OECD Report Urges Sustainable Reforms in Global Agricultural Support
The Hague, Friday, 31 October 2025.
The OECD highlights that $840 billion annual agricultural support often distorts markets and lacks focus on innovation and environmental goals, urging alignment with sustainability initiatives.
Global Agricultural Support: An Overview
According to the latest OECD report, global agricultural support reached an annual average of USD 842 billion between 2022 and 2024, marking a significant increase from previous years. This support, spread across 54 countries, is primarily directed towards individual farmers, with 73% of the funds allocated in this manner. However, the OECD cautions that much of this financial aid distorts markets rather than fostering innovation or addressing environmental challenges [1][2][3].
The Need for Sustainable Innovation
The report indicates that only a small fraction of agricultural support, approximately 0.5%, is invested in agricultural knowledge and innovation systems. This is deemed ‘worryingly little’ by the OECD, especially as the need for sustainable practices becomes more pressing. Furthermore, only about 5% of total support is directed toward voluntary environmental measures, which the OECD states are insufficient for meeting international climate and biodiversity objectives [1][4].
Challenges in Aligning Policies
The OECD emphasizes the importance of aligning agricultural policies with environmental objectives to avoid unintended trade barriers. Notably, the report highlights that nearly 60% of recent trade-related environmental measures have been introduced since 2018. Countries like India have allocated up to 95% of their farm support to the most market-distorting policies, whereas nations such as Australia, Chile, and the United States maintain this share below 1% [1][3][5].

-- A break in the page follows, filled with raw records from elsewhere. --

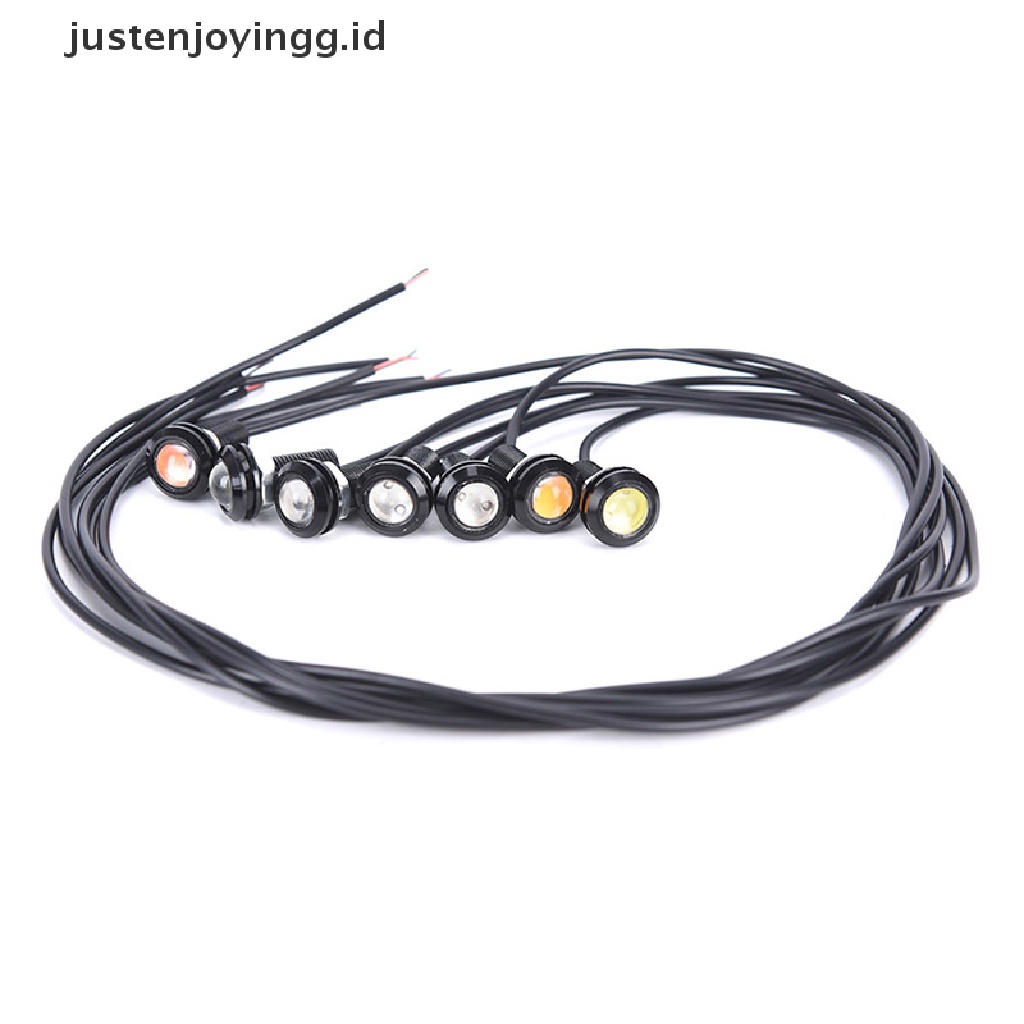 Lampu LED Eagle Eye Merah 9W 12V 18MM Untuk DRL / Fog Lamp Mobil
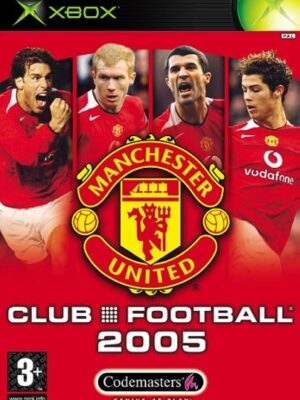 Manchester United Club Football XBOX USED NO COVER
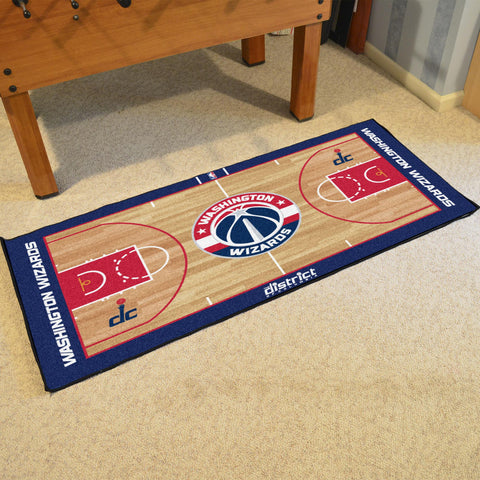 Washington Wizards Court Large Runner 29.5x54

Recommendations for Policy Reform
In its recommendations, the OECD calls for a shift away from price support and input subsidies towards investments in knowledge, innovation, and sustainability. This realignment is crucial for the implementation of the European Union’s Common Agricultural Policy and the development of sustainability standards in trade. The Dutch government, through representatives like Jochem Wiers, acknowledges the urgency of these reforms, stressing the need for smarter spending to enhance innovation and sustainability in agriculture [1][4].